Review: The Hired Girl by Laura Amy Schlitz

by Kathleen
Published: Last Updated on

In 1911, fourteen year-old Joan Skraggs finds herself trapped at home on a run-down farm, working tirelessly for her cruel father. He pulls her from school and requires her, “an ox of a girl” and “ugly” in his estimation, to mend, cook, iron and scour for him and her brothers without any hope for a brighter future or personal reward.

Emboldened by both a visit from a beloved former teacher and the discovery of a surprise legacy from her deceased mother, Joan executes an escape to the big city of Baltimore with the aim of becoming a “hired girl,” a housemaid for a well-to-do family.  Lucky for her, she’s plucked from a park bench by just the right advocate, Solomon Rosenbach, the son of a department store owner whose family is looking for a servant to assist their aging and cantankerous housekeeper, Malka.

I’ll cut to the chase and tell you that I flat-out loved this book.  It’s in the vein of the Brontë classic, Jane Eyre, which author Laura Amy Schlitz references many times in the narrative.
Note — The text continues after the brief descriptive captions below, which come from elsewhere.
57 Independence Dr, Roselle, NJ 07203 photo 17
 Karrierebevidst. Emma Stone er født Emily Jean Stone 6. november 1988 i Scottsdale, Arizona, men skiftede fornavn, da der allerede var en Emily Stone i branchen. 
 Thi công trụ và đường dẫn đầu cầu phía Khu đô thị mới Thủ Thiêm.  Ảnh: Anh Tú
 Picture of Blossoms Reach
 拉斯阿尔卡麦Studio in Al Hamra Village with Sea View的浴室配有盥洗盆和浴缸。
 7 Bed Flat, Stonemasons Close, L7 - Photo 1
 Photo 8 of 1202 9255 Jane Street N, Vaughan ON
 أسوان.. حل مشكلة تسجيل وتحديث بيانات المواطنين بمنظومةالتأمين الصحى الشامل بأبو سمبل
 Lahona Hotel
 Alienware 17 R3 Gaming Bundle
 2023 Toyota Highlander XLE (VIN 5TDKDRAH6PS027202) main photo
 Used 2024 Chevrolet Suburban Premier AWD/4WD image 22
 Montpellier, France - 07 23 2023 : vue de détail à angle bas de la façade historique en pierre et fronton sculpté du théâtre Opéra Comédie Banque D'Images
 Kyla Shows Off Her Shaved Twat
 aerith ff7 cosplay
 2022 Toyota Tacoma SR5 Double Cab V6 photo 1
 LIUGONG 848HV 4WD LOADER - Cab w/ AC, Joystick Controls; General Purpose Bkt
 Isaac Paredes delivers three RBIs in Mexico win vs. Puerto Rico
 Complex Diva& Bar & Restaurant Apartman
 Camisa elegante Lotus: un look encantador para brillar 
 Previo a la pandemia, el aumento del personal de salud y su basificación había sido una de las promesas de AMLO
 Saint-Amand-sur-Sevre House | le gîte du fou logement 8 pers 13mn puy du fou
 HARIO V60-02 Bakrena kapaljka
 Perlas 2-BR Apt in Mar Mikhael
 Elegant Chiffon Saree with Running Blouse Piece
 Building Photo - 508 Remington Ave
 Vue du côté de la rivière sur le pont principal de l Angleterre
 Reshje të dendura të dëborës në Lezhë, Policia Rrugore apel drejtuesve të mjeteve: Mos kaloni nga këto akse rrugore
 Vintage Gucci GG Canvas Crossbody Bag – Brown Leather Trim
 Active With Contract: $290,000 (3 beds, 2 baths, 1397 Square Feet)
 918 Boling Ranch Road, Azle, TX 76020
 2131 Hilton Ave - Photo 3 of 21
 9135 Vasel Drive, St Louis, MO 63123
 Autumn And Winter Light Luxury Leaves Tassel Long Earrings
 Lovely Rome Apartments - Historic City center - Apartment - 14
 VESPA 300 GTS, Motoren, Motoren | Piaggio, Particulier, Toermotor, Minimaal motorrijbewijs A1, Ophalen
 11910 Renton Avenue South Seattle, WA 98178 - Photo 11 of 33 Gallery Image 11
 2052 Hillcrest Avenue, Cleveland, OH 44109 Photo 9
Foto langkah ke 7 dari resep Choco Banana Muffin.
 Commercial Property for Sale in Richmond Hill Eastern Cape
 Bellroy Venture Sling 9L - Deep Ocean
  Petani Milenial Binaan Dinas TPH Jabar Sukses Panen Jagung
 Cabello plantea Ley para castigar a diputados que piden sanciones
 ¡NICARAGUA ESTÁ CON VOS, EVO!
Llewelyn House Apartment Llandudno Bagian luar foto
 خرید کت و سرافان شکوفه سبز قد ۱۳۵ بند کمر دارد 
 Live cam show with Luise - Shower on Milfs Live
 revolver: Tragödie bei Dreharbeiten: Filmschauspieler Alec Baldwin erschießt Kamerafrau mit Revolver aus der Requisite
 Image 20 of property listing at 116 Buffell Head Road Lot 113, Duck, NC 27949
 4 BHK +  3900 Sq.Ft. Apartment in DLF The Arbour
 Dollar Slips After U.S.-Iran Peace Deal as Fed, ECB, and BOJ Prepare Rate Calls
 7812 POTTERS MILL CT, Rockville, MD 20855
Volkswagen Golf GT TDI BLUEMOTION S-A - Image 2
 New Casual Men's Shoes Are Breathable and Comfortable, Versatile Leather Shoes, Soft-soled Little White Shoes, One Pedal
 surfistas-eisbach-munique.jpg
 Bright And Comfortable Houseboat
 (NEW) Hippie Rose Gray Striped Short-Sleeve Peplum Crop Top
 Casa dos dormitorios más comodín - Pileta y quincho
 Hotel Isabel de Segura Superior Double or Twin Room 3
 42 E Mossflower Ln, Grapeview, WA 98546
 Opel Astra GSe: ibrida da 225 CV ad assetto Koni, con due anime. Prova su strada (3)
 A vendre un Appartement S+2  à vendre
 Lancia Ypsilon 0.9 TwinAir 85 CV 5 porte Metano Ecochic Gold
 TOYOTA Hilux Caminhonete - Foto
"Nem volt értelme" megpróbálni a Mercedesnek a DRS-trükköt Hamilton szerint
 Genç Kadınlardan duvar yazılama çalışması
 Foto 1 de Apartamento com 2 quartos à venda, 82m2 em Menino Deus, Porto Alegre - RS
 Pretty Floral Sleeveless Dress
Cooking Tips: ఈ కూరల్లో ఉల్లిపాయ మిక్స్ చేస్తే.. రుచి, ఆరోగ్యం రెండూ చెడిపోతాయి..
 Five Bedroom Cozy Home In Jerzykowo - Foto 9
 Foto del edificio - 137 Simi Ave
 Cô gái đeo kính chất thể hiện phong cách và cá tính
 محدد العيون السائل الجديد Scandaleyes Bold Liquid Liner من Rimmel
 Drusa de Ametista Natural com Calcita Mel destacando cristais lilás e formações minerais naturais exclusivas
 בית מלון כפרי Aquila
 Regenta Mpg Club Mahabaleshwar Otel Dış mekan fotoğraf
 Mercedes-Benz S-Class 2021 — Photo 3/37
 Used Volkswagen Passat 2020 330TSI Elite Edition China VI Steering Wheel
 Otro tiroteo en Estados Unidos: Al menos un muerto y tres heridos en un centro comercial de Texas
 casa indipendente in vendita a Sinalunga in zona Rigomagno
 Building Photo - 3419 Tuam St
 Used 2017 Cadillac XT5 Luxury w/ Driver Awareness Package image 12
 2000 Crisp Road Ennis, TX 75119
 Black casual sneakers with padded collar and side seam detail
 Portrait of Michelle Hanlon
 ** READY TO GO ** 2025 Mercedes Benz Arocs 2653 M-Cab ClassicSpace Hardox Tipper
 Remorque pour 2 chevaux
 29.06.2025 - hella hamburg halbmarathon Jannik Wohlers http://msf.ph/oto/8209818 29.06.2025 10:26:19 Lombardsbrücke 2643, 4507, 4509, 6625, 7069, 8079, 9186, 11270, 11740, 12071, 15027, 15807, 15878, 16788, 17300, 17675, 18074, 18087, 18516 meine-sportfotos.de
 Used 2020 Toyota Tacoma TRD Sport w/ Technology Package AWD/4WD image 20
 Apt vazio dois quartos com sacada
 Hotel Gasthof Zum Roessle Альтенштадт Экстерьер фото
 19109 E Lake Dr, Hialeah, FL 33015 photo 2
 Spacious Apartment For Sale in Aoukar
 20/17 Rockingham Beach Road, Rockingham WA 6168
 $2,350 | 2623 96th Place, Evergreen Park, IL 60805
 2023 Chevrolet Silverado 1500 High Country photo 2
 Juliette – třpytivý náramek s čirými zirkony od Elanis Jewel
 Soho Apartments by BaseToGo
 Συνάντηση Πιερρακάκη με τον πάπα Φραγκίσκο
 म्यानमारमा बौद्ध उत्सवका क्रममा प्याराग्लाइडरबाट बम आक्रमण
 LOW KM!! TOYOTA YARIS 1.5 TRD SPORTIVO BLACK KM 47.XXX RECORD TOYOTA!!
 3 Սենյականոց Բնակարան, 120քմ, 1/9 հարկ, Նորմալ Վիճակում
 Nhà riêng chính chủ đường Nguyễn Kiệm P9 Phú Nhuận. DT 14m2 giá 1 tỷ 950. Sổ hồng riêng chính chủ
Joan engages in a journey of self-discovery. She consistently evaluates her personal values and compares herself to romantic heroines – the girls in the novels she reads late at night in Mr. Rosenbach’s personal library.  “I believe ladies should vote and be doctors and maybe even be president,” Joan pronounces, “but they should stay tidy and not perspire.” The Rosenbach library and the conversations she has there with her employer also open a world of knowledge to Joan about literature, religion, Anti-Semitisim, and class differences. Although she’s devoted to her job, she doesn’t plan to stay. “The truth is,” Joan says, “most of the time I don’t think of myself as the hired girl. I think of myself as a somebody disguised as the hired girl. After all, I’m not going to be a servant all my life. It’s temporary.”

Her ambition begs trouble, of course, as cleaning house will never satisfy her bright mind and desire for romance. “Nothing interesting ever happens to me,” she laments, “because that is not my destiny.”  While she may believe this to be the case, she’s continually drawn to excitement. She falls in love with art and opera, revels in spending her own money at the Rosenbachs’ department store, and fosters an ill-advised romantic connection that could jeopardize her position.

Schlitz writes with compassion and humor, bringing Joan to life through her diary entries, which is how we come to know her story. Joan (“a real Joan,” says a key character, comparing her to Joan of Arc, “full of imagination and the spirit of revolt”) won a place in my heart with her charming naiveté and guileless wit.  Although I found this 2015 book in the children’s section of my local library, it’s got wide appeal: teens and adults, especially those with a penchant for 19th century British and American lit, will fall quickly in love. 

You’ll like it if: You love a novel that investigates the inner life.

Maybe not so much if: Historical plucky girls and their daily dramas aren’t your thing.